PROBLEM DESCRIPTION: Look below for the line containing "Question number twenty-four: a" and the line containing "So wishing you", then set down both and every line between them exactly, without pictures.

DATA SUPPLIED:
· · · · · · ·

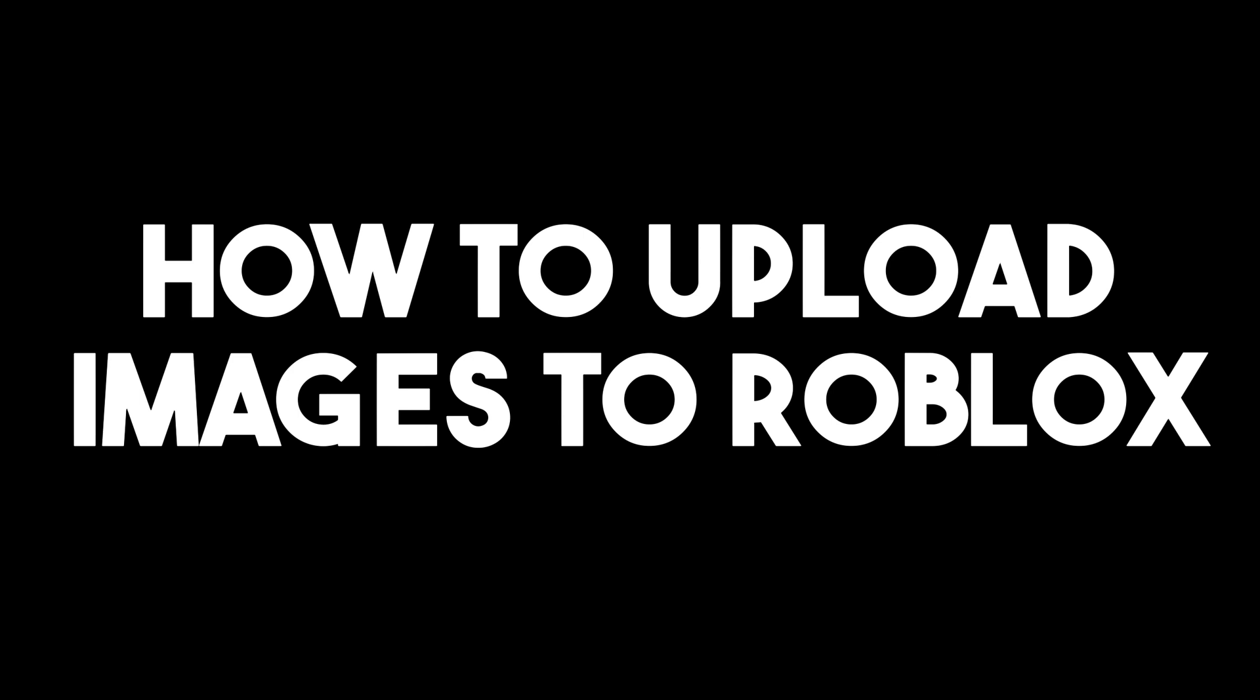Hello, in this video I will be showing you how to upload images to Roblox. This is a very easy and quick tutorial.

· · · · · · ·

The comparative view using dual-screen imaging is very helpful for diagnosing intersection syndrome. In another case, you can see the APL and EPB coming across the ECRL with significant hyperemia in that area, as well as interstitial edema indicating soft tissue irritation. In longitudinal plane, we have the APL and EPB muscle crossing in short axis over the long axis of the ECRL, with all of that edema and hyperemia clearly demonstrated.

· · · · · · ·

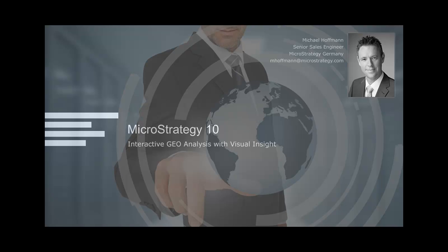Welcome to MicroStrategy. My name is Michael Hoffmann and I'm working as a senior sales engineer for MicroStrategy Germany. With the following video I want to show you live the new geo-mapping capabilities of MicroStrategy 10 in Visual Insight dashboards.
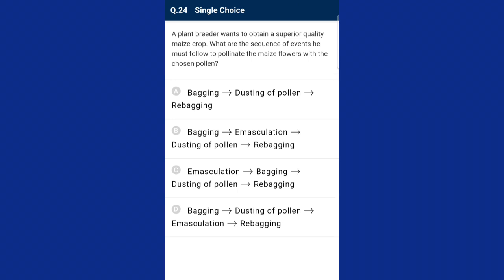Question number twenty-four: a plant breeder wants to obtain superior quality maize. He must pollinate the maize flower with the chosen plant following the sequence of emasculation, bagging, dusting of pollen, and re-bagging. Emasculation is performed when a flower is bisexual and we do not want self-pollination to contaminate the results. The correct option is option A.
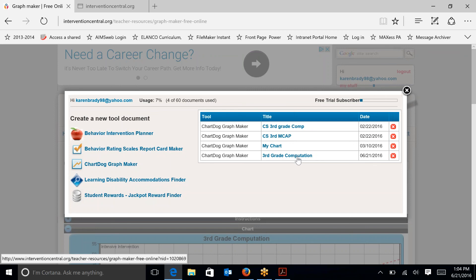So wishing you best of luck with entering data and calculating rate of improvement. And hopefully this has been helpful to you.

· · · · · · ·

OUTPUT FOR THIS TASK:
Question number twenty-four: a plant breeder wants to obtain superior quality maize. He must pollinate the maize flower with the chosen plant following the sequence of emasculation, bagging, dusting of pollen, and re-bagging. Emasculation is performed when a flower is bisexual and we do not want self-pollination to contaminate the results. The correct option is option A.
So wishing you best of luck with entering data and calculating rate of improvement. And hopefully this has been helpful to you.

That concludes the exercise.